The exchange was organised by the Chinese Football Association (CFA) and its German counterpart (DFB). It would have been an innocuous incident elsewhere, but on November 18, during a match against TSV Schott Mainz, a regional team, some Tibetan activists unfurled Tibetan flags; furious, the Chinese players left the pitch for around 20 minutes in protest.
It later turned into a full-fledged diplomatic incident. The German football association said that the Chinese under-20s would not play the three matches scheduled before the end of the year, while the CFA announced: “It has been decided to pause the U20 project and arrangements have been made for the team to return home.”
The German media was rather amused by this knee-jerk reaction. But The People’s Daily was not. “It was inconceivable that the just act of safeguarding China’s national interest was labelled by some German media outlets as an ‘attack on freedom of expression’ and a ‘suppression of democratic rights’,” it wrote. The mouthpiece of the Communist Party questioned: “Where was the friendship in the ‘friendly’ games,” adding: “Who would tolerate turning a sports game into a political assault against national sovereignty.”
The paper went in a long tirade justifying China’s stand on Tibet: “Tibet has been China’s territory since ancient times, and the Tibet issue involves China’s core interests and the feelings of the Chinese people.” It even quoted Pierre de Coubertin, the father of the modern Olympics Games. “O Sport, You are Peace! … Through you, the young of the entire world learn to respect one another, and thus the diversity of national traits becomes a source of generous and peaceful emulation!”
Well, it is doubtful that the French baron would have banned the Tibetans to exist as a nation; he was a great humanist, but that is another story. The point is that China is getting touchier; a historical incident about the Tibetan flag is telling. Phuntso Tashi Takla, the Dalai Lama’s brother-in-law, was in charge of the Tibetan leader’s security when the latter visited China in 1954-55.
Three decades ago, in an interview, Takla told me: “In 1954, the Chinese extended full courtesy and cooperation to the Dalai Lama. On some occasions, Mao Zedong came himself to the Dalai Lama’s guest house in Beijing. During one of the several discussions that the Dalai Lama and Mao Zedong had, they were talking on some subject, when Mao suddenly said: “Don’t you have a flag of your own, if you have one, you can hoist it here”. Takla was surprised to hear Mao speaking thus.
In his memoirs, the Dalai Lama’s translator Phuntso Wangyal corroborated the story. “One day, Mao unexpectedly came to visit the Dalai Lama at his residence… During their conversation, Mao said, ‘I heard that you have a national flag, do you? They do not want you to carry it, isn't that right?’ Since Mao asked this with no warning that the topic was to be discussed, the Dalai Lama just replied, ‘We have an army flag’. I thought that was a shrewd answer because it didn't say whether Tibet had a national flag. Mao perceived that the Dalai Lama was concerned by his question and immediately told him, ‘That is no problem. You may keep your national flag’. Mao definitely said ‘national’ flag,” recalled Wangyal.
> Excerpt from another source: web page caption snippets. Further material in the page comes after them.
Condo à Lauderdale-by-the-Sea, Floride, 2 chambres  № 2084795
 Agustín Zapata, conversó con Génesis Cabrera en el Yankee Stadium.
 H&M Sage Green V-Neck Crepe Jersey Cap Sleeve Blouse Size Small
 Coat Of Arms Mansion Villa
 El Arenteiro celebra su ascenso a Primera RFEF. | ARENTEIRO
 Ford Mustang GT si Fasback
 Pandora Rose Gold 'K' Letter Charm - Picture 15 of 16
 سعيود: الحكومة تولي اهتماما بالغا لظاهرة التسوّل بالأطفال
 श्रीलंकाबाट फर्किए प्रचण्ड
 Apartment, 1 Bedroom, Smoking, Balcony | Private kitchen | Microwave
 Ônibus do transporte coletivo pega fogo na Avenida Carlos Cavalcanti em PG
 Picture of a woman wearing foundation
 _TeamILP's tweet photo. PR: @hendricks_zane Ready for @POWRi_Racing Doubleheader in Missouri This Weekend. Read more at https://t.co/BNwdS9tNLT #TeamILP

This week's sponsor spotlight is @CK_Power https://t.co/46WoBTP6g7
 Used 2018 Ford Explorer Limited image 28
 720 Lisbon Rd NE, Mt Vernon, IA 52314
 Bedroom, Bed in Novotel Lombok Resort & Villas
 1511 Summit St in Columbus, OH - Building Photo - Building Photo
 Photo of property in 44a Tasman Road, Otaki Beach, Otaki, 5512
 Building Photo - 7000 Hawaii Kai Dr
The episode in Germany reminded of another incident during President Jiang Zemin’s visit to Switzerland in 1999. As Jiang arrived near the Swiss national parliament building in Berne, a dozen Tibetan sympathisers standing on the rooftop of a nearby building unrolled banners to which multi-coloured balloons were attached; it said ‘Dialogue with Tibet’ and ‘Free Tibet’.
The incident made the Chinese President so angry that in his speech to the Swiss parliament he said: “You've lost a good friend.” He asked his hosts through an interpreter: “Do you not have this capacity to run this country?” He continued: “I have visited many countries all over the world and have always been welcomed everywhere.” Later, Jiang declined to shake hands with Swiss President Ruth Dreifuss. It was a great diplomatic embarrassment for his hosts.
These incidents raise serious questions. Was Mao, the ruthless leader, more tolerant than his successors? Why is China today so nervous when it comes to the Dalai Lama or Tibet?
One reason is probably a guilt consciousness; Beijing knows perfectly well that till 1951 Tibet was an independent nation; did not Mao speak of ‘liberating’ and reuniting Tibet with the motherland? The Dalai Lama recently declared in Kolkata that he does not seek independence from China: “The past is past. We will have to look into the future. We are not seeking independence... We want to stay with China. We want more development."
Were Beijing to agree to the Tibetan leader’s proposal, what would happen if some young Tibetans unfurl a flag in Lhasa? It is frightening just to think of it.